Light Control: Engineering Topological States in Solids with Photonic Structures.

The manipulation of material properties via light presents a compelling avenue for advanced materials design, and recent research details a method for inducing topological phases in mercury telluride (HgTe) using strong light-matter interactions. These topological phases, characterised by unique electronic properties at the material’s surface, are typically achieved through complex material composition or external pressure. However, a collaborative team led by Dongbin Shin from the Gwangju Institute of Science and Technology, alongside I-Te Lu, Benshu Fan, Emil Viñas Boström, Hang Liu, and Angel Rubio from the Max Planck Institute for the Structure and Dynamics of Matter, with contributions from Mark Kamper Svendsen of the Niels Bohr Institute, University of Copenhagen, Simone Latini from the Technical University of Denmark, and Peizhe Tang from Beihang University, now demonstrates an alternative approach. Their work, detailed in the article ‘Multiple Photon Field-induced Topological States in Bulk HgTe’, utilises the principles of quantum electrodynamic density functional theory (QEDFT) to show how carefully engineered photonic structures, such as optical cavities and waveguides, can reconfigure the electronic structure of HgTe, driving it into distinct topological states including Weyl semimetals, nodal-line semimetals, and topological insulators.
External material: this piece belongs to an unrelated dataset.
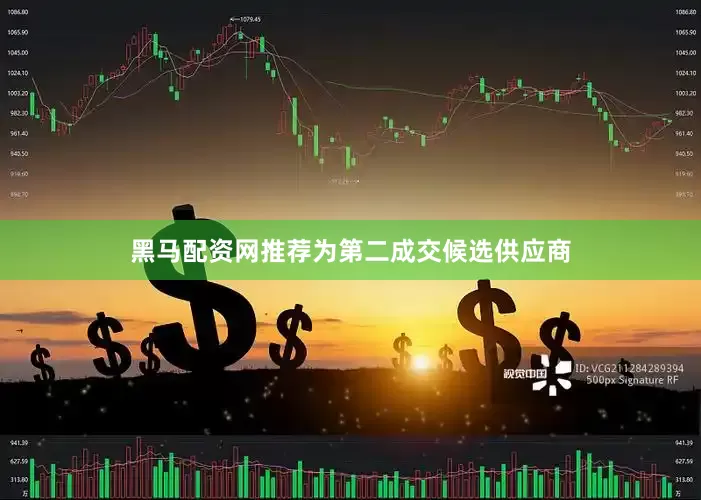 黑马配资网推荐为第二成交候选供应商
This process, unlike previous laser-induced effects, relies on steady-state photon-matter hybridisation, offering the potential for stable and controllable topological phenomena.
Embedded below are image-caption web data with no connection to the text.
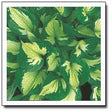 'Whirlwind Tour' Hosta Courtesy of Q&Z Nursery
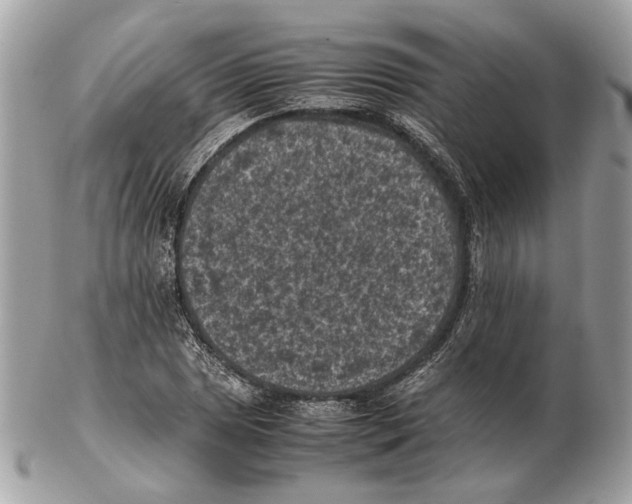 X0000102391025200808291419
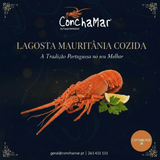 Lagosta Cozida Palinurus Mauritanicus Uni. 300/400g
Recent advances in materials science demonstrate stable control over topological phases within materials through strong light-matter interactions, offering potential benefits for quantum computing, spintronics, and materials design. Researchers successfully induce and manipulate emergent topological phases in mercury telluride (HgTe) by coupling it with photonic structures, including optical cavities and waveguides. This approach moves beyond transient excitation, establishing a new paradigm for materials design by achieving stable, engineered topological states.
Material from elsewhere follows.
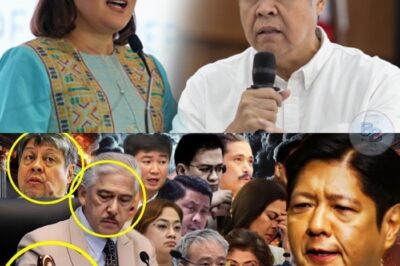 ANG LIHIM NA OPERASYON NA GUMISING SA BAYAN: PAANO BINASAG NINA PBBM, TITO SEN AT SEN. KIKO ANG ISANG ‘HALIMAW’ NA MATAGAL NANG ITINATAGO NG MGA TIWALI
The research details how strong light-matter interactions within these photonic structures induce emergent topological phases in HgTe, reconfiguring its electronic and ionic structures. Distinct topological phases – Weyl, nodal-line, and topological insulator – emerge contingent upon the sample’s orientation and the strength of the coupling. A topological insulator is a material that behaves as an insulator in its interior but conducts electricity on its surface, while Weyl and nodal-line phases represent exotic states of matter with unique electronic properties.

Researchers utilised state-of-the-art electrodynamic density functional theory (QEDFT) calculations to model these interactions and confirm the emergence of these topological phases. QEDFT is a computational method that combines principles of quantum mechanics and electromagnetism to describe the behaviour of electrons and photons in materials. These calculations reveal that the photon fields within the photonic structures mediate a symmetry-breaking mechanism within HgTe, fundamentally altering its band structure and driving it into the observed topological phases. The band structure describes the allowed energy levels for electrons within a material, and its alteration is crucial for inducing topological changes. This computational approach provides a rigorous theoretical framework for understanding and predicting the emergence of topological phases.

The ability to manipulate and realise diverse topological phases on demand opens avenues for future research. Potential applications include the development of novel quantum devices, spintronic materials that utilise electron spin for information storage and processing, and advanced materials with tailored electronic properties.

This research benefits from funding originating from multiple sources, including the Max Planck Institute New York City Center for Non-Equilibrium Quantum Phenomena, the Cluster of Excellence “CUI: Advanced Imaging of Matter”, and grants from the European Research Council, National Natural Science Foundation of China, and National Research Foundation of Korea. This collaborative effort demonstrates a comprehensive approach to understanding and engineering topological phases through light-matter interactions, and highlights the importance of international collaboration in advancing scientific knowledge.

Specific roles within the research were clearly delineated, with D.S. performing the ab initio calculations—meaning calculations based on first principles—and S.L., P.T., and A.R. authoring the manuscript. B.F. and P.T. analysed the topological phase of HgTe, while E.V.B., M.K.S., I.L., and S.L. investigated conditions for strong light-matter coupling. I.L. and A.R. developed the QEDFT code used in the simulations, and all authors participated in discussing the results and refining the final paper, demonstrating a collaborative and interdisciplinary approach to scientific inquiry.